RE: More cores Vs More Nodes ?

2011-12-14 Thread Michael Segel

Tommy,

Again, I think you need to really have some real world experience before you 
make generalizations like that.

Sorry, but at a client, we put 6 different groups' applications in production. 
Without going in to detail the jobs in production were orthogonal to one 
another. The point is that were we to build our cluster optimized to one job we 
would have been screwed. Oh wait, I forgot that you worked for IBM and they 
would love to sell you more hardware and consulting to improve the situation... 
(I kee-id, I kee-id) 

Now Seriously, 
The point of this discussion is that you really, really don't want to build the 
cluster optimized for a single job.
The only time you want to do that is if you have a job or set of jobs that you 
plan on running every day 24x7 and the job takes the entire cluster. 
Yes, such jobs do exist. However they are highly irregular and definitely not 
the norm.

One of the other pain points is that developers have to get used to the cluster 
as a shared resource to be used between different teams. This helps to defer 
the costs including maintenance. So as a shared resource, development and 
production, you need to build out a box that handles everything equally.
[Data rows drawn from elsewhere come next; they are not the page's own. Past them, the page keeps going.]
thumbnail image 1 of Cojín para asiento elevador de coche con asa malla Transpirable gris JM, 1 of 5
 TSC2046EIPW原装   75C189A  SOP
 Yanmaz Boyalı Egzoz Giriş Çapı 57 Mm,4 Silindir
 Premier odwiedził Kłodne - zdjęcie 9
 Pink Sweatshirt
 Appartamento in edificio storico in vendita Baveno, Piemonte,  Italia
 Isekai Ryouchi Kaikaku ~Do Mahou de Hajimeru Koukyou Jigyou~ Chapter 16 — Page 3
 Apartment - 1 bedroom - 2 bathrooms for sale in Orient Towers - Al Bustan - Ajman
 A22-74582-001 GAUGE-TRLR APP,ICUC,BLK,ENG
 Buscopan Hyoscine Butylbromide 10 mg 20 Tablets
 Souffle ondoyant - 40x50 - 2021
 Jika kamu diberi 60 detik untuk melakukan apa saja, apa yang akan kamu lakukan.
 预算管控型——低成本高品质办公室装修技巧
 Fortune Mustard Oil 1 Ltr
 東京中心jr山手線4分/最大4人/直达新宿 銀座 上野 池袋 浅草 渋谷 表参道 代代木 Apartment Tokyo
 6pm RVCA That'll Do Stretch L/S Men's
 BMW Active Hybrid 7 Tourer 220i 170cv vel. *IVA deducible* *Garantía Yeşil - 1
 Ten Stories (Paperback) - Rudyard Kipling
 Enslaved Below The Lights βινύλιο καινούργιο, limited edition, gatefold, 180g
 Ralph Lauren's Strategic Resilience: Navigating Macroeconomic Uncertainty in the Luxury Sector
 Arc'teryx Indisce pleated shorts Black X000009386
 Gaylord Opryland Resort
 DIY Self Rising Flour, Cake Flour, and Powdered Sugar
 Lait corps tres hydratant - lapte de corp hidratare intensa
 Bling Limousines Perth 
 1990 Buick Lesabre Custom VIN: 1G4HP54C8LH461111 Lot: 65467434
Had you attended our session at Hadoop World, not only would you have learned 
this... (Don't tune the cluster to the application, but tune the application to 
the cluster) I would have also poked fun of you in person. ;-)

We also talked about avoiding the internet myths and 'truisms'. 

Unless you've had your hands dirty and at customer's sites you're going to find 
the real world is a different place. ;-)
But hey! What do I know?


> To: common-user@hadoop.apache.org
> Subject: RE: More cores Vs More Nodes ?
> From: tdeut...@us.ibm.com
> Date: Wed, 14 Dec 2011 07:56:30 -0800
> 
> Putting aside any smarmy responses for a moment - sorry that "job(s)" 
> wasn't understood as equating to "purpose".
> 
> If you are building a general purpose sandbox then I think we all agree on 
> building a "balanced" general purpose cluster. But if you have production 
> use cases in mind then you darn well better try to understand how the 
> cluster will be used/stressed so you don't end up with a hardware spec 
> that doesn't match how the cluster is actually used.
> 
> If you can't profile a production use case as to how it will stress the 
> cluster that is a huge warning sign as to project risk. If you are tearing 
> down and re-purposing a cluster that was implemented to support a 
> production use case then the planning failed. 
> 
> 
> Tom Deutsch
> Program Director
> Information Management
> Big Data Technologies
> IBM
> 3565 Harbor Blvd
> Costa Mesa, CA 92626-1420
> tdeut...@us.ibm.com
> 
  

Re: More cores Vs More Nodes ?

2011-12-14 Thread Scott Carey


On 12/14/11 9:05 AM, "Michael Segel"  wrote:

>
>
>Brian,
>
>I think you missed my point.
>
>The moment you go and design a cluster for a specific job, you end up
>getting fscked because there's another group who wants to use the shared
>resource for their job which could be orthogonal to the original purpose.
>It happens everyday.
>
>This is why you have to ask if the cluster is being built for a specific
>purpose. Meaning answering the question 'Which of the following best
>describes your cluster:
>a) PoC
>b) Development
>c) Pre-prod
>d) Production
>e) Secondary/Backup
>"
>
>Note that sizing the cluster is a different matter.
>Meaning if you know you need a PB of storage, you're going to design the
>cluster differently because once you get to a certain size, you have to
>recognize that your clusters are going to have lots of disk, require
>10GBe just for the storage. Number of cores would be less of an issue,
>however again look at pricing. 2 socket 8 core Xeon MBs are currently at
>an optimal price point.

Recently, single socket servers have been 9 to 12 months ahead of the
curve on next generation processor availability.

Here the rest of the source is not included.